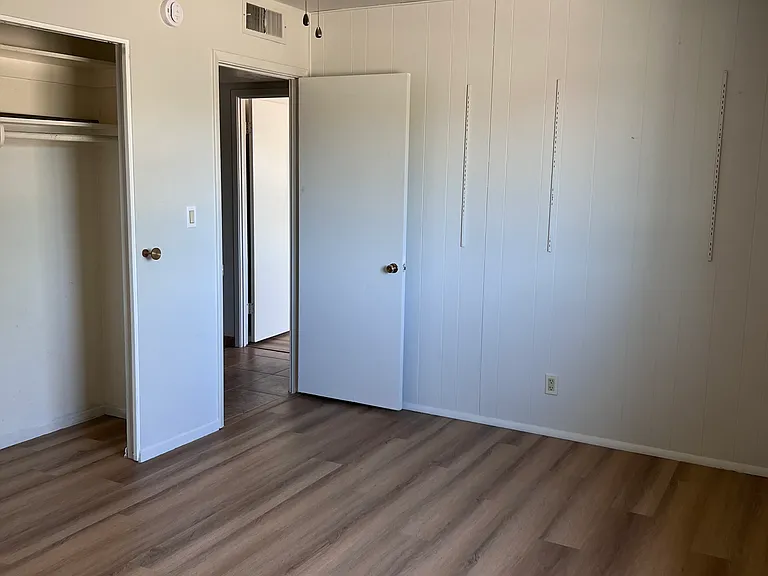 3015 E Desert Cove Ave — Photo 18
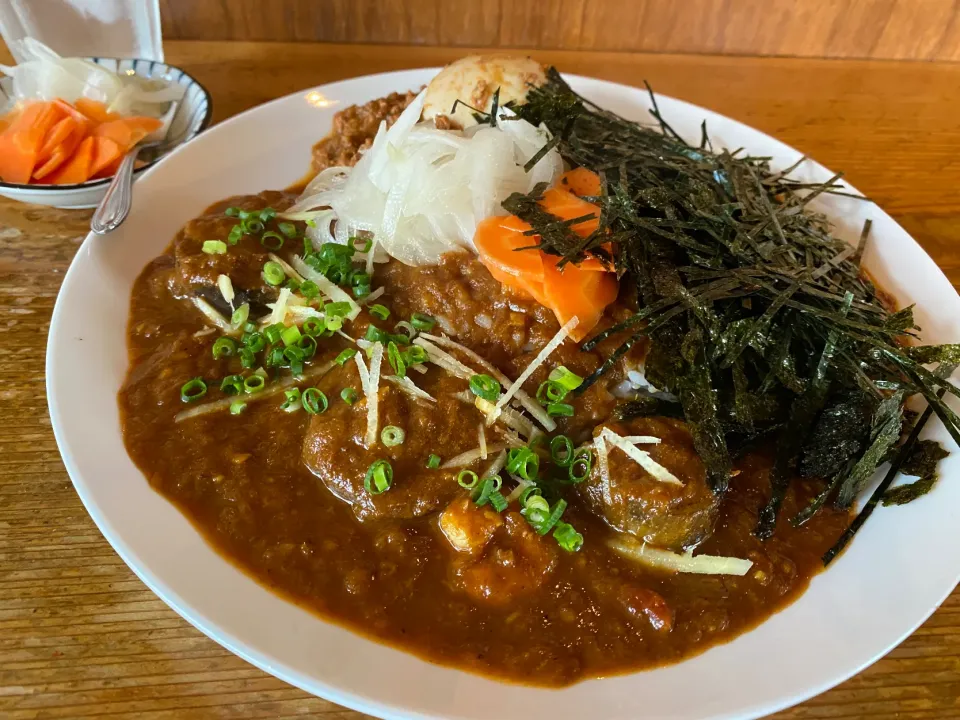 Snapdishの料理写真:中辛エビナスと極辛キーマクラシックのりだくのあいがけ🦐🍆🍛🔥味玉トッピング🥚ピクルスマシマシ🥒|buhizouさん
==
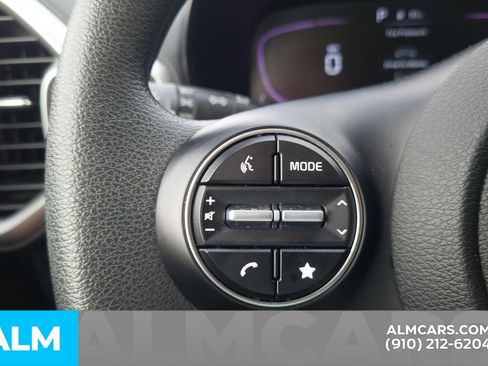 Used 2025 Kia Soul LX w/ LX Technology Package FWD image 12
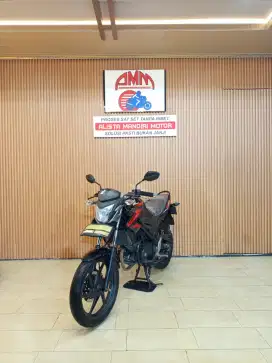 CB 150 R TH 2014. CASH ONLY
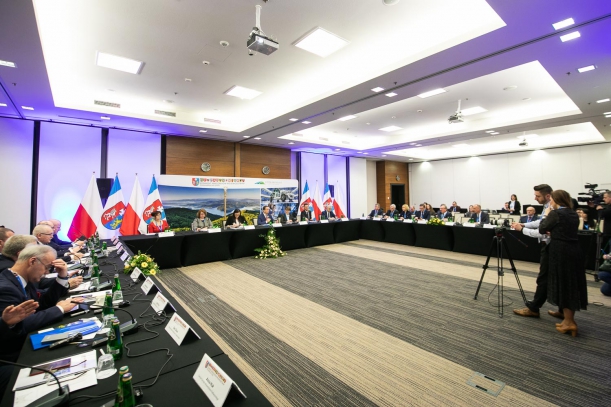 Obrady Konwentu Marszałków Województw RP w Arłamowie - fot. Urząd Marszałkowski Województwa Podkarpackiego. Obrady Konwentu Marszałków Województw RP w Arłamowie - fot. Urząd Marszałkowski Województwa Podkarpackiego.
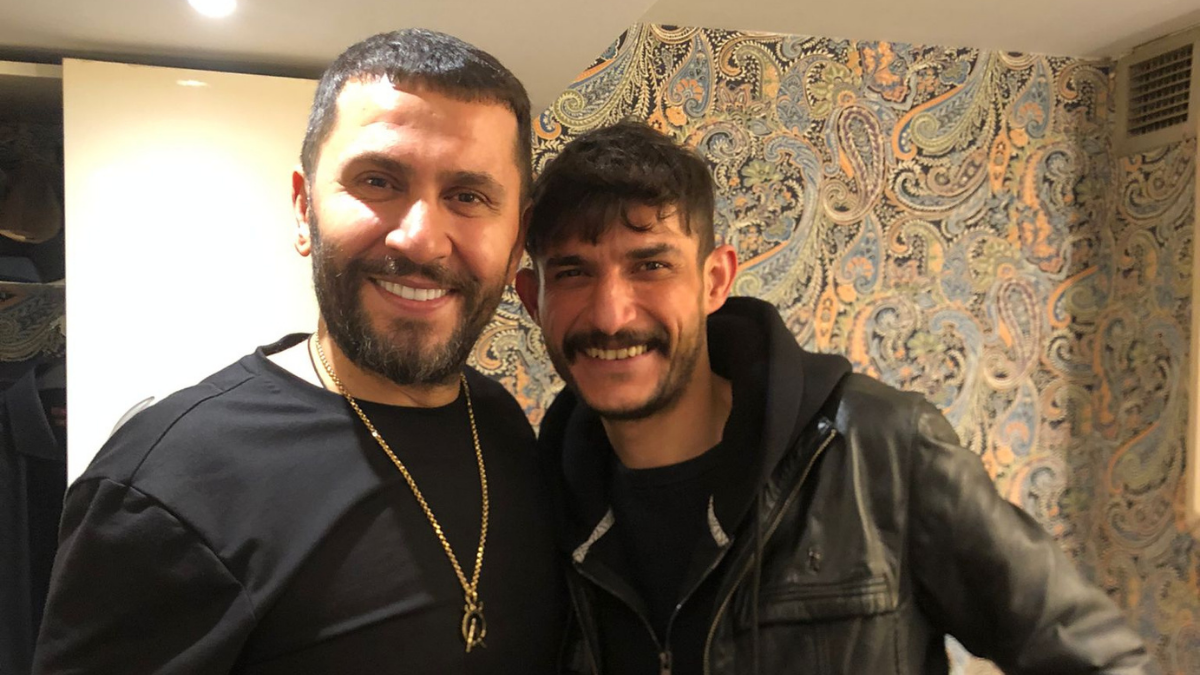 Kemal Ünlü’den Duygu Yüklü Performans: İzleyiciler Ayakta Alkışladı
---
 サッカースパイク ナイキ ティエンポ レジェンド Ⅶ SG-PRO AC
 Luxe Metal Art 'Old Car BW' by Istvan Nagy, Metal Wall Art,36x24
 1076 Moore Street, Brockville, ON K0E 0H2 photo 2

:: TASK ITEM ::
Without the pictures, set down the lines above from the line with "Województwa Podkarpackiego. Obrady" up to and including the line with "Kemal Ünlü’den Duygu" exactly as they stand.

:: EXERCISE RESPONSE ::
 Obrady Konwentu Marszałków Województw RP w Arłamowie - fot. Urząd Marszałkowski Województwa Podkarpackiego. Obrady Konwentu Marszałków Województw RP w Arłamowie - fot. Urząd Marszałkowski Województwa Podkarpackiego.
 Kemal Ünlü’den Duygu Yüklü Performans: İzleyiciler Ayakta Alkışladı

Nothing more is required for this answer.